:: Assignment ::
I'd like the entries reproduced exactly, with all pictures omitted.

:: Source information ::
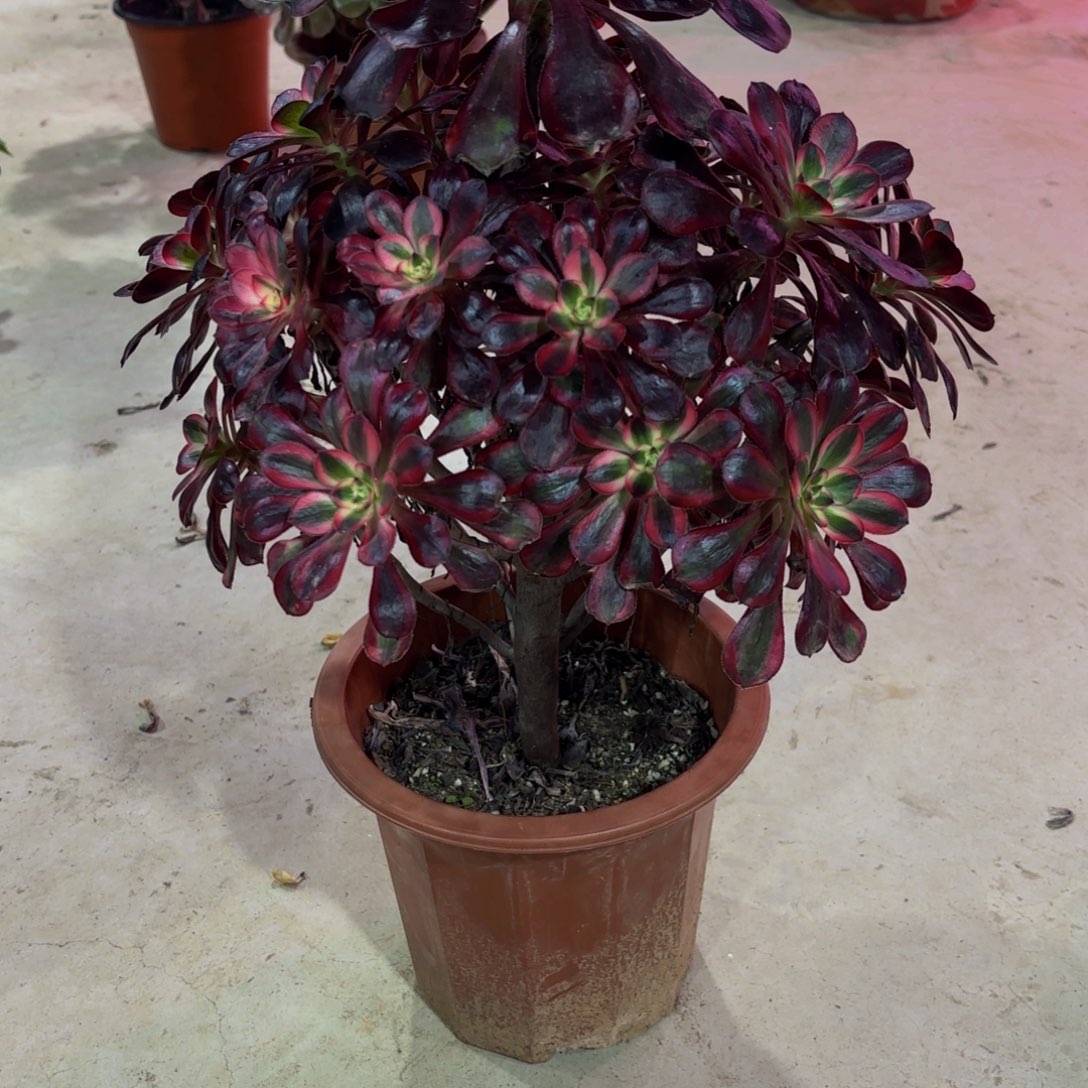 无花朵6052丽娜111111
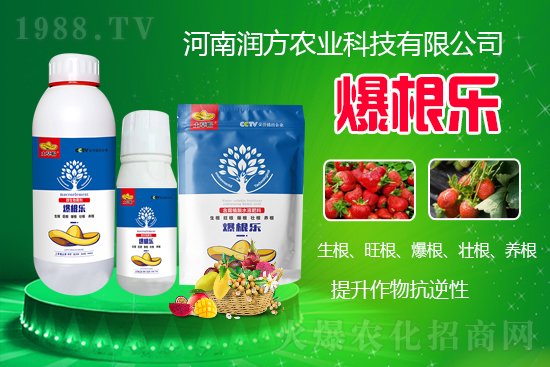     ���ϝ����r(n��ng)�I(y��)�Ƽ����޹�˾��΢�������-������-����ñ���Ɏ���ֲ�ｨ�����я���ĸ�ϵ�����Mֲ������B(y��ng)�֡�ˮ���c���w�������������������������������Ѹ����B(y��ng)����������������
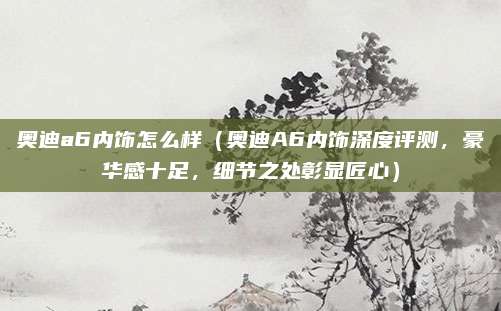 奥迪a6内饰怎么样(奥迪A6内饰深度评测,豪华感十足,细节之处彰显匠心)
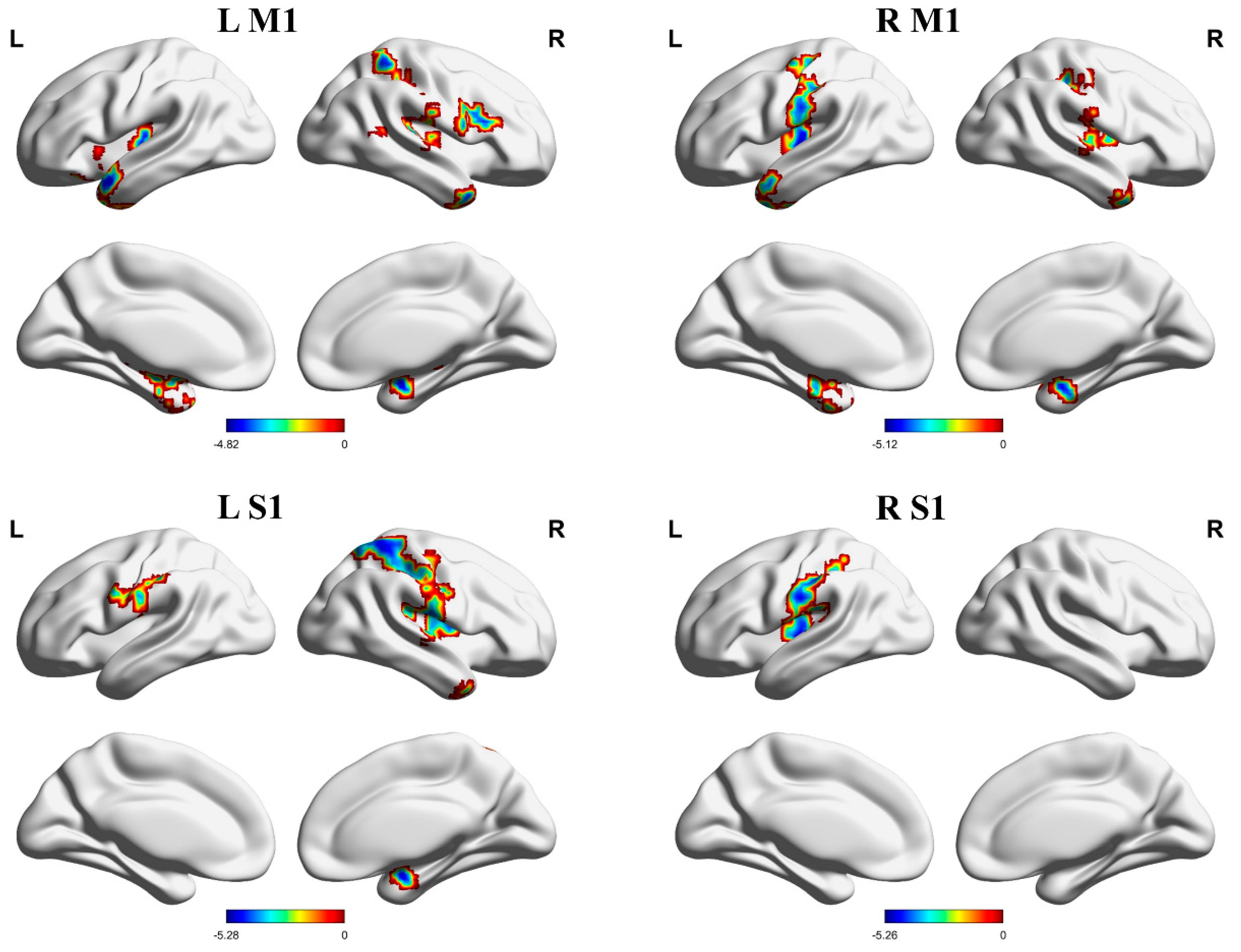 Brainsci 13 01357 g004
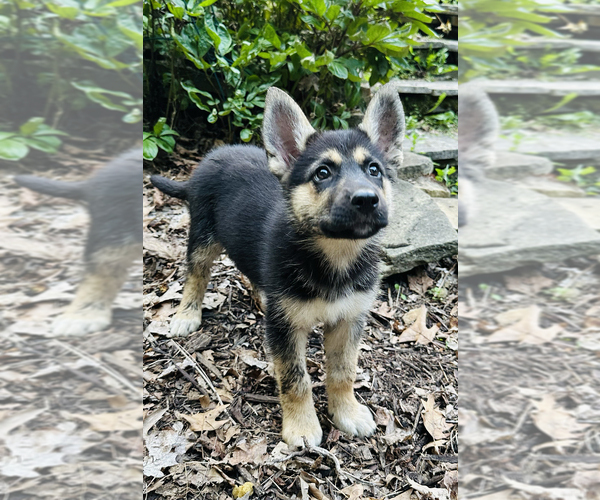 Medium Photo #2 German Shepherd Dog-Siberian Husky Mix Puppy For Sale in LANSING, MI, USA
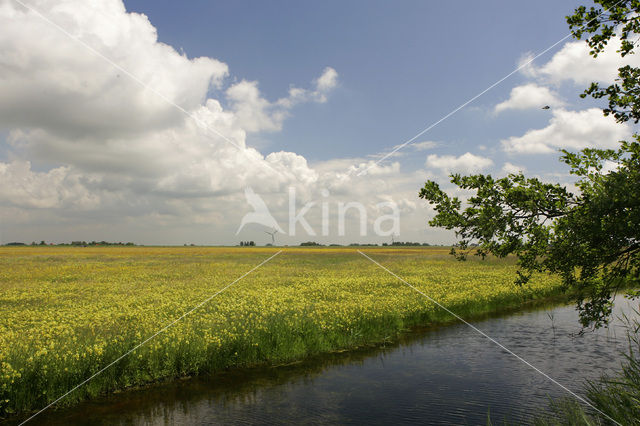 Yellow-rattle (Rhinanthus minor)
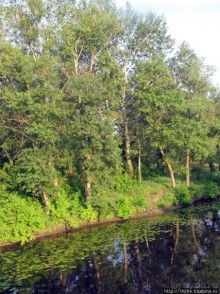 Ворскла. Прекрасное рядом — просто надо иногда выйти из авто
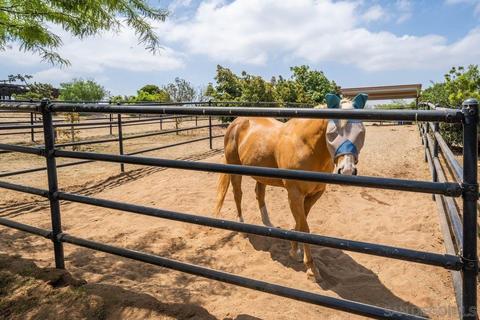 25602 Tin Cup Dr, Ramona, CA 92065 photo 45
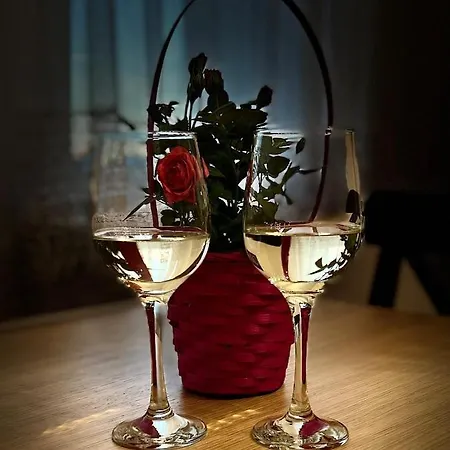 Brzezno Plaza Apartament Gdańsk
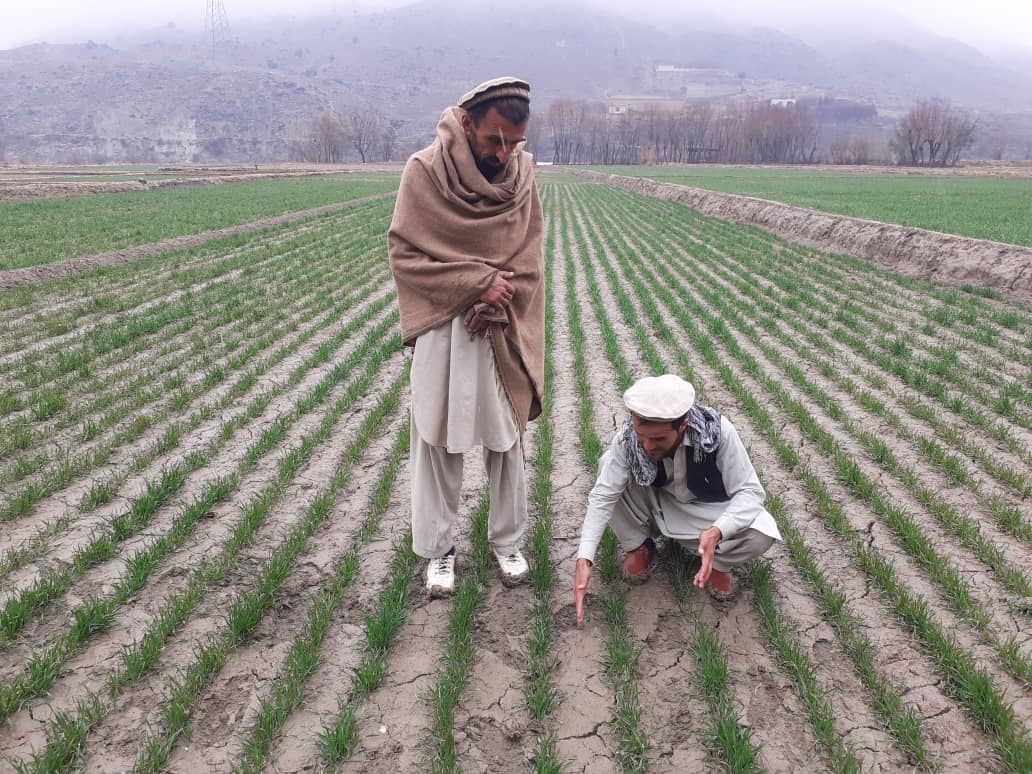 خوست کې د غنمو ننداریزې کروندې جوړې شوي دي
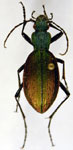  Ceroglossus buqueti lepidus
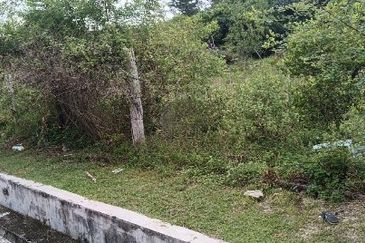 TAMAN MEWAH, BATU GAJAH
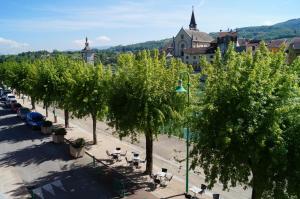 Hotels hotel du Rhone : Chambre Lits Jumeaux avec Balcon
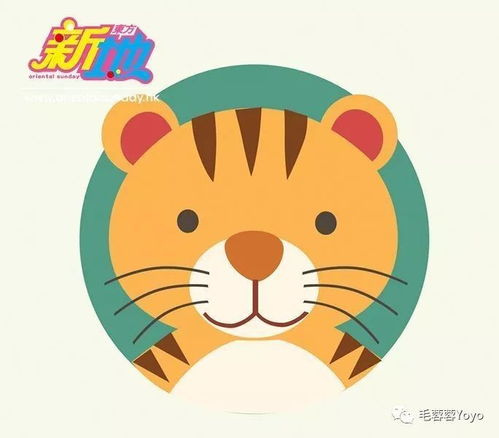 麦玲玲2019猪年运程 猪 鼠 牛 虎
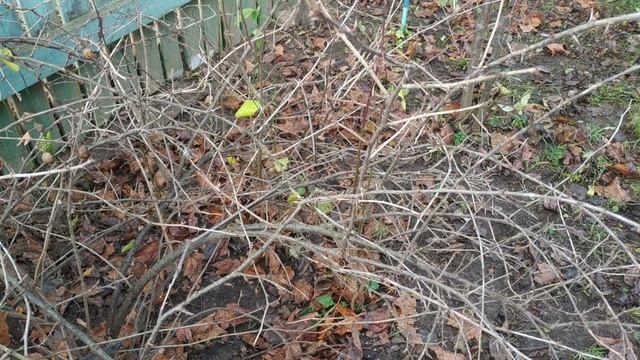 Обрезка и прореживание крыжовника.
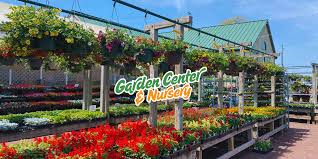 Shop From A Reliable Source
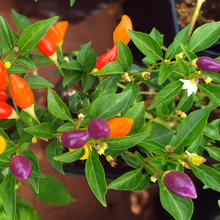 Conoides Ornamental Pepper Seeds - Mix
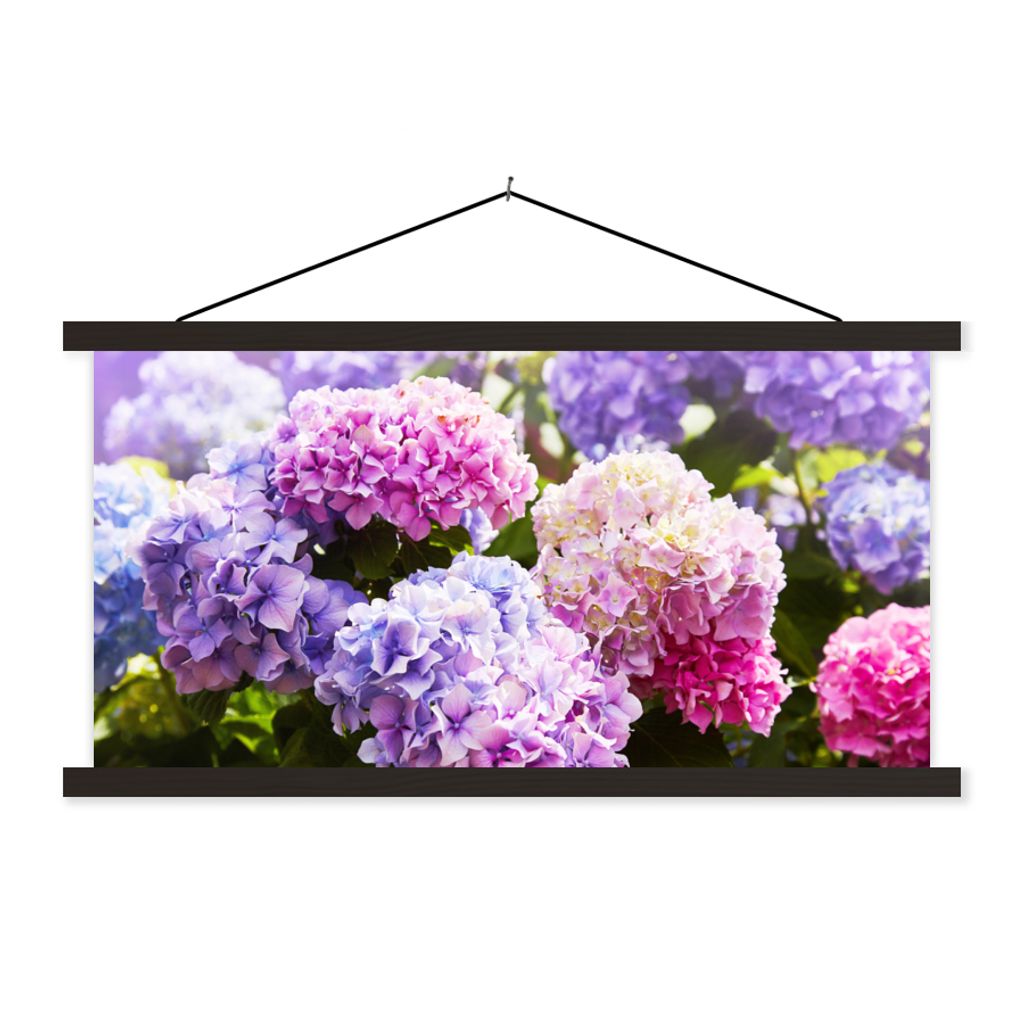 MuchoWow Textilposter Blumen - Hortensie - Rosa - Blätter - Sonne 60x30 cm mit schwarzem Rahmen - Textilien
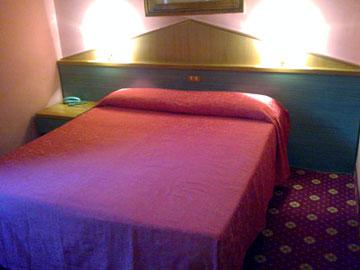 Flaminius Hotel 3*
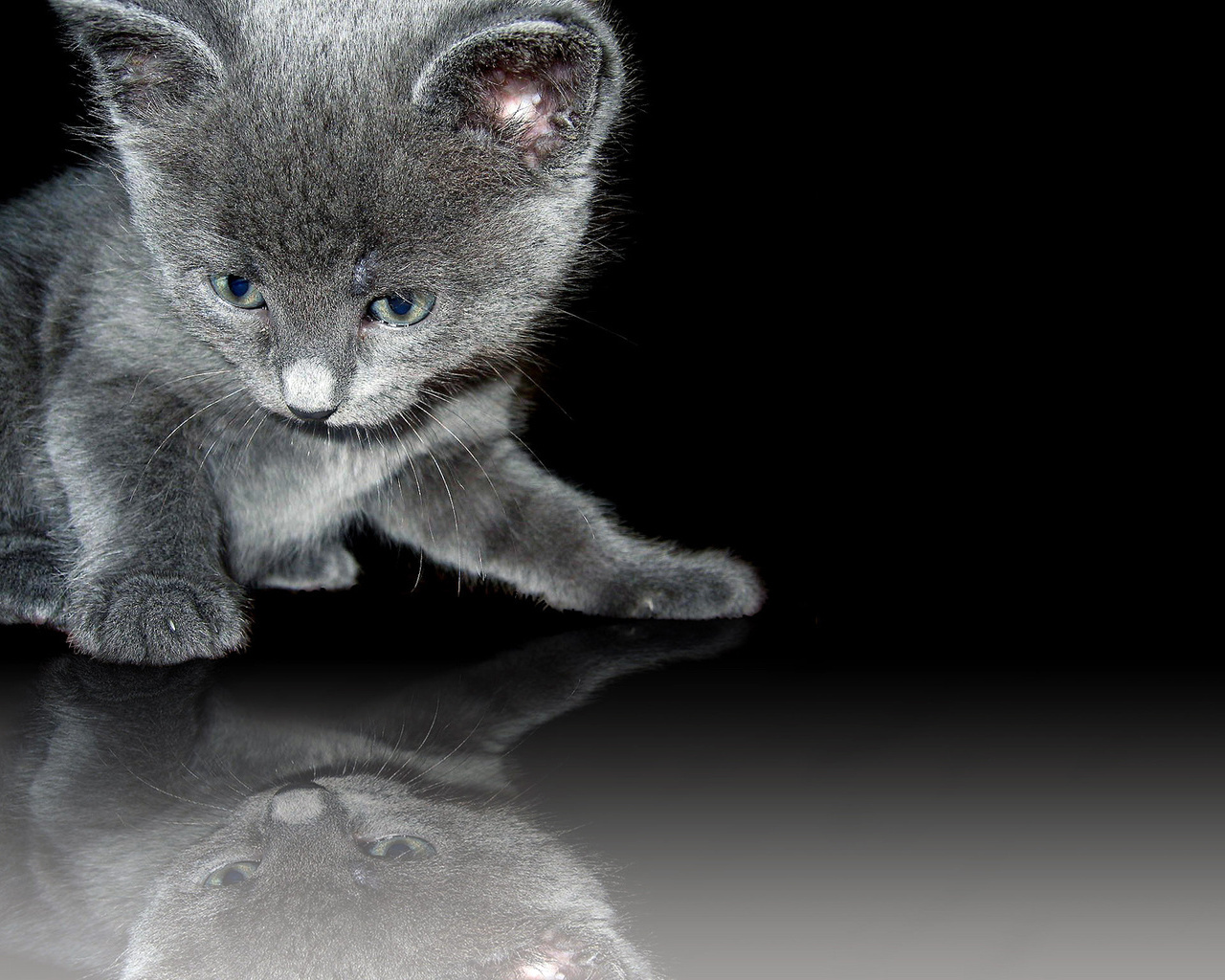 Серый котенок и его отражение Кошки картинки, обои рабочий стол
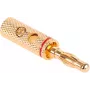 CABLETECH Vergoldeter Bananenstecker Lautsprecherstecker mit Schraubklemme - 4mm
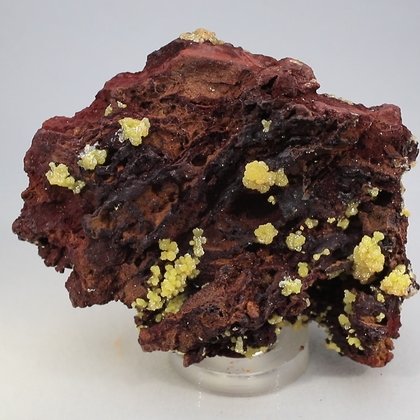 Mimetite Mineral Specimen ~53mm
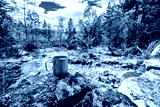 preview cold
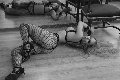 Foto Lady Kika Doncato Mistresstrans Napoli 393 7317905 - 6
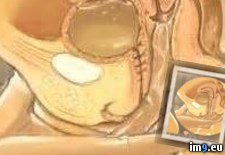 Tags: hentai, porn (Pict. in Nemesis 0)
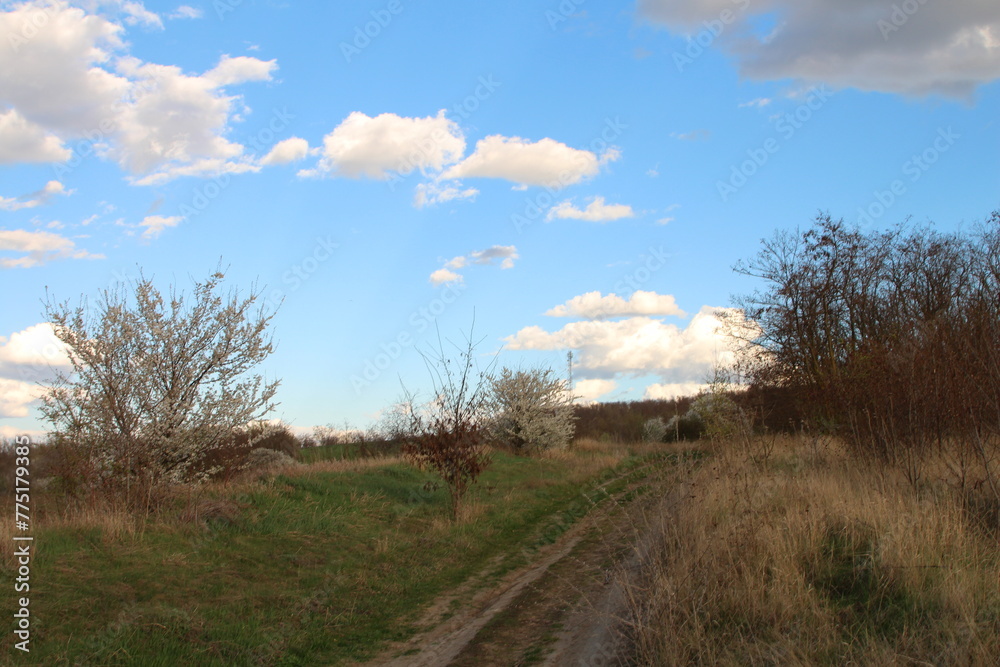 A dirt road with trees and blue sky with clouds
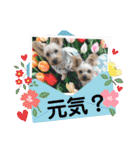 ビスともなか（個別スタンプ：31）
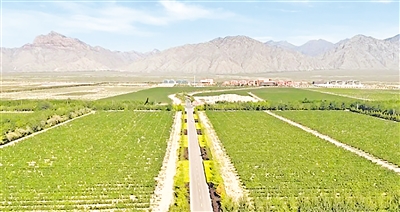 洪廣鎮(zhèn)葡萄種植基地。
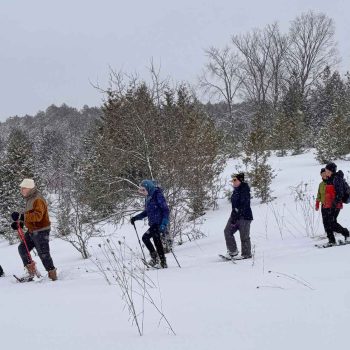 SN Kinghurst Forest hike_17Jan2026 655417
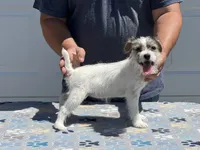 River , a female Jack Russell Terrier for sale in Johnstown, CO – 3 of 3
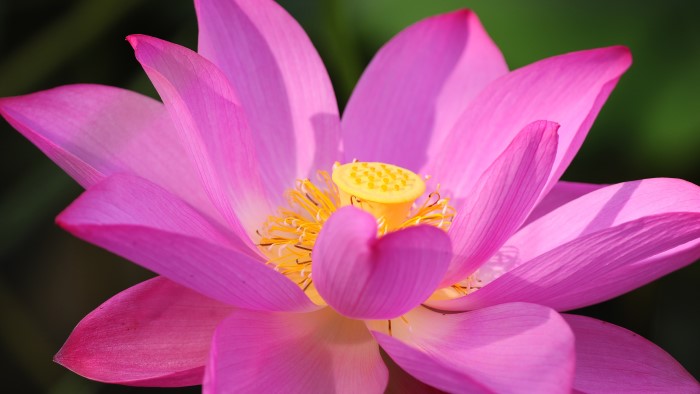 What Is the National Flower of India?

:: The completed task ::
 无花朵6052丽娜111111
     ���ϝ����r(n��ng)�I(y��)�Ƽ����޹�˾��΢�������-������-����ñ���Ɏ���ֲ�ｨ�����я���ĸ�ϵ�����Mֲ������B(y��ng)�֡�ˮ���c���w�������������������������������Ѹ����B(y��ng)����������������
 奥迪a6内饰怎么样(奥迪A6内饰深度评测,豪华感十足,细节之处彰显匠心)
 Brainsci 13 01357 g004
 Medium Photo #2 German Shepherd Dog-Siberian Husky Mix Puppy For Sale in LANSING, MI, USA
 Yellow-rattle (Rhinanthus minor)
 Ворскла. Прекрасное рядом — просто надо иногда выйти из авто
 25602 Tin Cup Dr, Ramona, CA 92065 photo 45
 Brzezno Plaza Apartament Gdańsk
 خوست کې د غنمو ننداریزې کروندې جوړې شوي دي
  Ceroglossus buqueti lepidus
 TAMAN MEWAH, BATU GAJAH
 Hotels hotel du Rhone : Chambre Lits Jumeaux avec Balcon
 麦玲玲2019猪年运程 猪 鼠 牛 虎
 Обрезка и прореживание крыжовника.
 Shop From A Reliable Source
 Conoides Ornamental Pepper Seeds - Mix
 MuchoWow Textilposter Blumen - Hortensie - Rosa - Blätter - Sonne 60x30 cm mit schwarzem Rahmen - Textilien
 Flaminius Hotel 3*
 Серый котенок и его отражение Кошки картинки, обои рабочий стол
 CABLETECH Vergoldeter Bananenstecker Lautsprecherstecker mit Schraubklemme - 4mm
 Mimetite Mineral Specimen ~53mm
 preview cold
 Foto Lady Kika Doncato Mistresstrans Napoli 393 7317905 - 6
 Tags: hentai, porn (Pict. in Nemesis 0)
 A dirt road with trees and blue sky with clouds
 ビスともなか（個別スタンプ：31）
 洪廣鎮(zhèn)葡萄種植基地。
 SN Kinghurst Forest hike_17Jan2026 655417
 River , a female Jack Russell Terrier for sale in Johnstown, CO – 3 of 3
 What Is the National Flower of India?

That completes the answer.